- **What is needed**:
Would you return the listing exactly as written, apart from its pictures?

- **The data**:
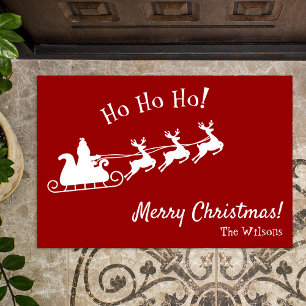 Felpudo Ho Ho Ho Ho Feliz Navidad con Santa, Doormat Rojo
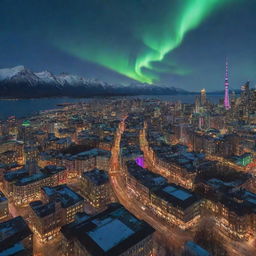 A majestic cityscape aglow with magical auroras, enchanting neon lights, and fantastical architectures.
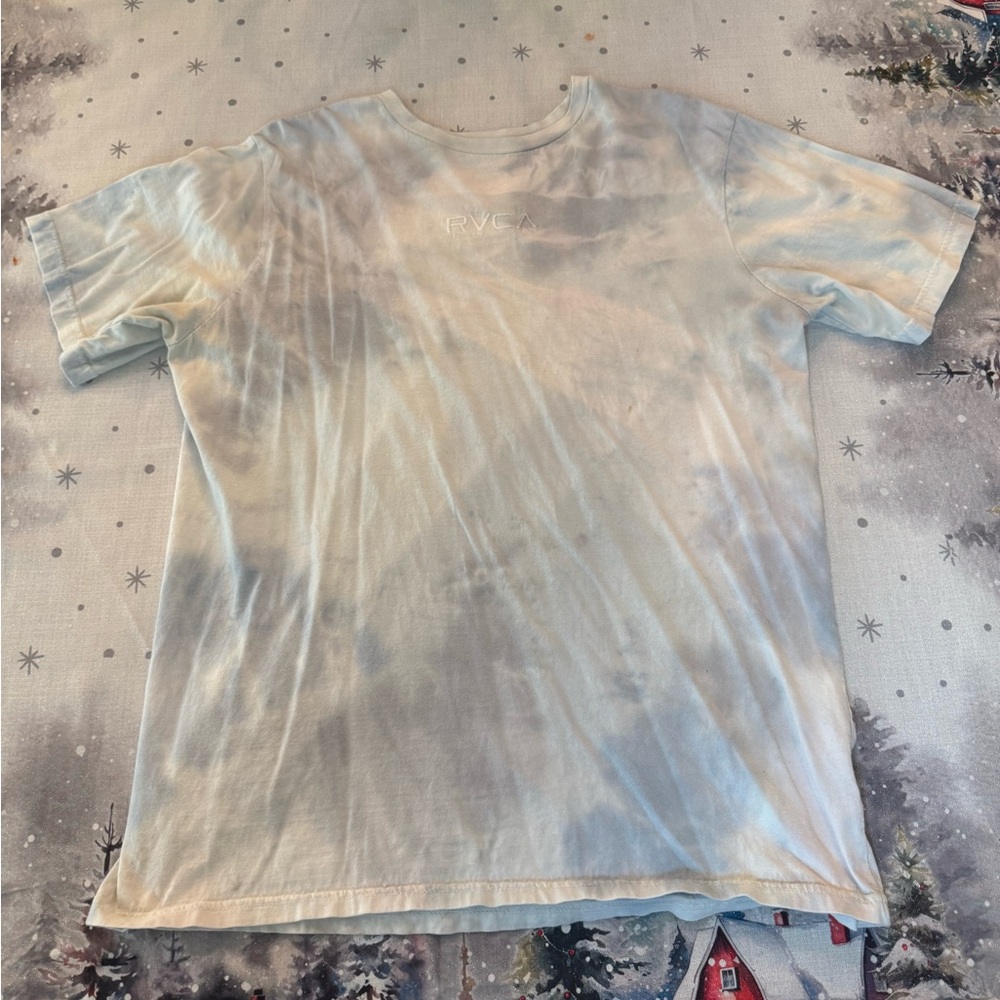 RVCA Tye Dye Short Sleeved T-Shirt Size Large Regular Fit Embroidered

- **Reply to the exercise**:
 Felpudo Ho Ho Ho Ho Feliz Navidad con Santa, Doormat Rojo
 A majestic cityscape aglow with magical auroras, enchanting neon lights, and fantastical architectures.
 RVCA Tye Dye Short Sleeved T-Shirt Size Large Regular Fit Embroidered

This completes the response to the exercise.